To use Predicted Outputs, set the prediction field in the Fireworks API with the predicted output. For example, you may want to edit a survey and add an option to contact users by text message:

{
  "questions": [
    {
      "question": "Name",
      "type": "text"
    },
    {
      "question": "Age",
      "type": "number"
    },
    {
      "question": "Feedback",
      "type": "text_area"
    },
    {
      "question": "How to Contact",
      "type": "multiple_choice",
      "options": ["Email", "Phone"],
      "optional": true
    }
  ]
}

In this case, we expect most of the code will remain the same. We set the ‘prediction’ field to be the original survey code. The output generation speed increases using predicted outputs.

Python (Fireworks)
from fireworks.client import Fireworks
 
code = """{
"questions": [
    {
      "question": "Name",
      "type": "text"
    },
    {
      "question": "Age",
      "type": "number"
    },
    {
      "question": "Feedback",
      "type": "text_area"
    },
    {
      "question": "How to Contact",
      "type": "multiple_choice",
      "options": ["Email", "Phone"],
      "optional": true
    }
  ]
}
"""

client = Fireworks(api_key="<FIREWORKS_API_KEY>")

response = client.chat.completions.create(
  model="accounts/fireworks/models/llama-v3p1-70b-instruct",
  messages=[{
      "role": "user",
      "content": "Edit the How to Contact question to add an option called Text Message. Output the full edited code, with no markdown or explanations.",
    },
    {
      "role": "user",
      "content": code
    }
  ],
  temperature=0,
  prediction={"type": "content", "content": code}
)

print(response.choices[0].message.content)

Additional information on Predicted Outputs:

  • Using Predicted Outputs is free at this time
  • We recommend setting temperature=0 for best results for most intended use cases of Predicted Outputs.

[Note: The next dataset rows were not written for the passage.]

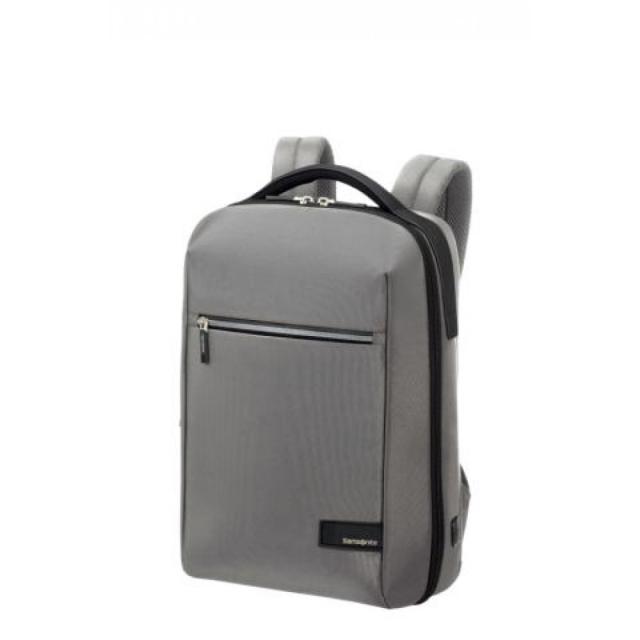 Раница Samsonite Litepoint Laptop Backpack 14.1" Grey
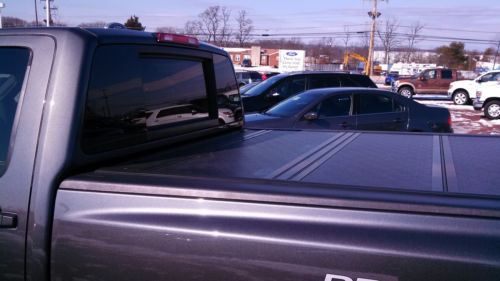 2010 TITAN PRO-4X,OFFROAD,OVERSIZED TIRES,4X4 TRUCK,CREW CAB,HEATED SEATS, US $25,595.00, image 3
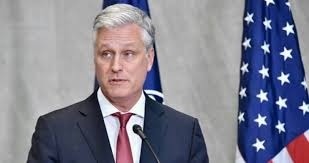 مستشار ترامب للأمن القومي: دول أخرى تطبع مع إسرائيل خلال شهرين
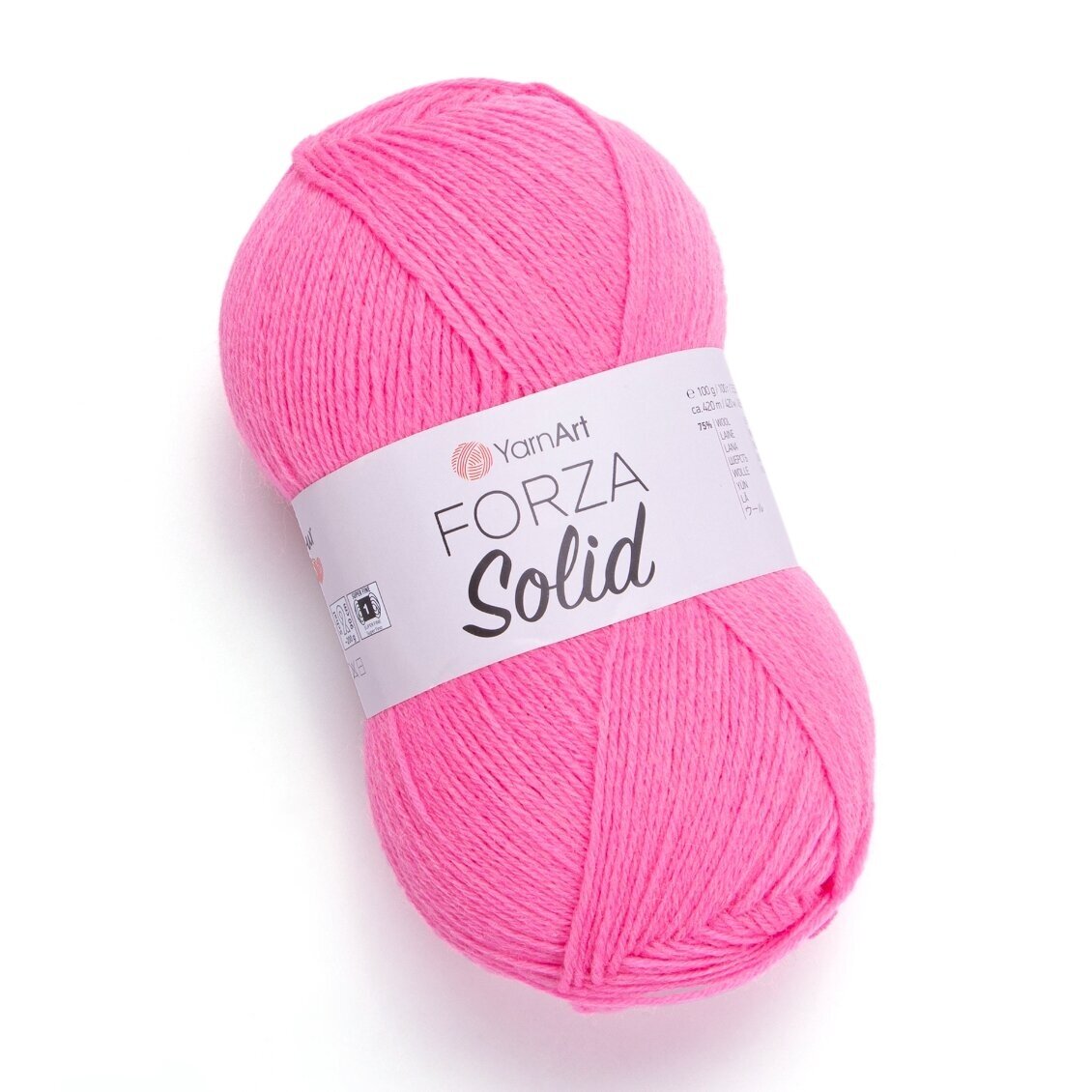YarnArt Forza Solid YarnArt Forza Solid 4642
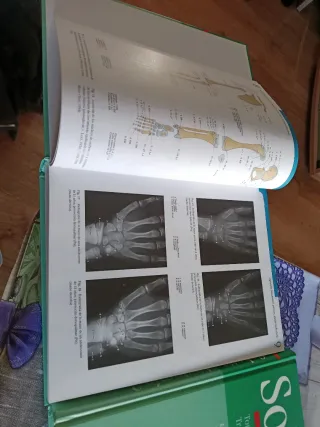 Sobotta Atlas de Anatomia Humana - Tomo 1 (Span...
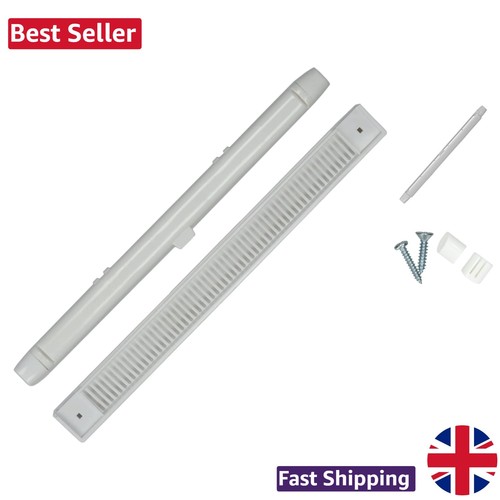 High air flow 407mm - flow,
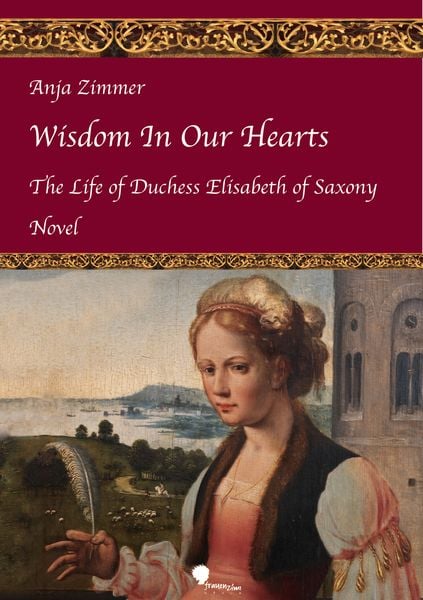 Produktbild: Wisdom In Our Hearts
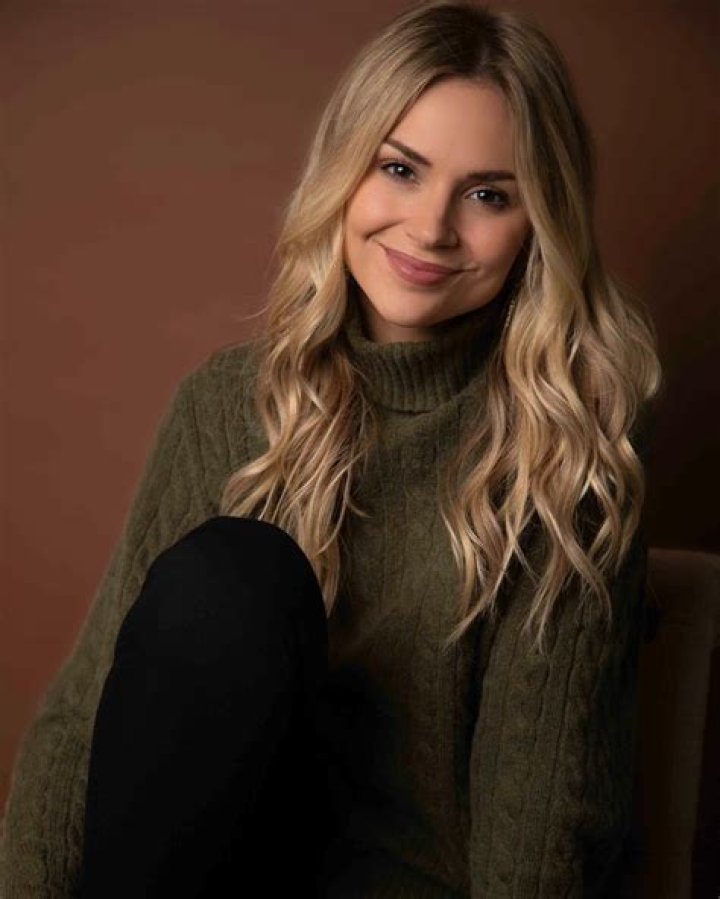 Jaime Staples Biography, Age, Height, Wife, Net Worth, Family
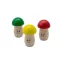 ROHEMA Gomba Shaker 3 darabos készlet
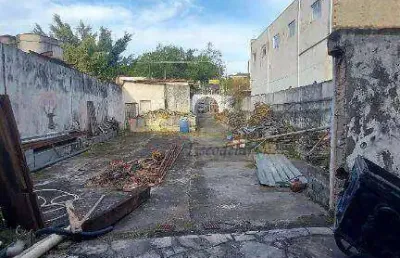 Terreno à venda, 480 m² por r$ 2.500.000,00 - tremembé - são paulo/sp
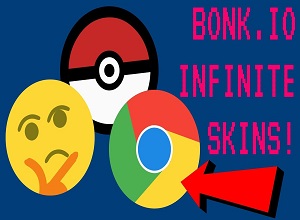 Cool Bonk Skins To Make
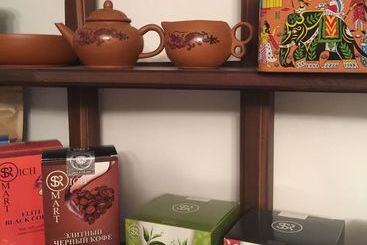 تختخواب و صبحانه Astoria Garden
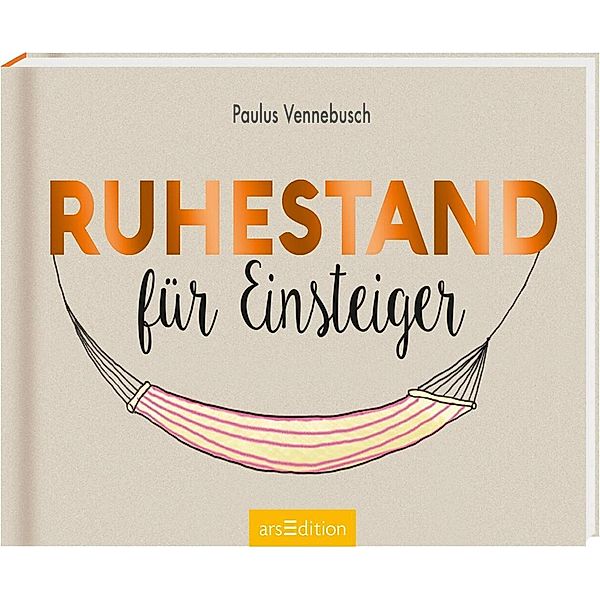 Ruhestand für Einsteiger, Paulus Vennebusch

In these cases, using Predicted Outputs does not impact the quality of outputs generated
  • If the prediction is substantially different from the generated output, output generation speed may decrease
  • The max length of the prediction field is set by max_tokens and is 2048 by default, and needs to be updated if you have a longer input and prediction.
  • If you are using an on-demand deployment, you can set rewrite_speculation=True and potentially get even faster output generation. We are working on rolling this out to Serverless soon.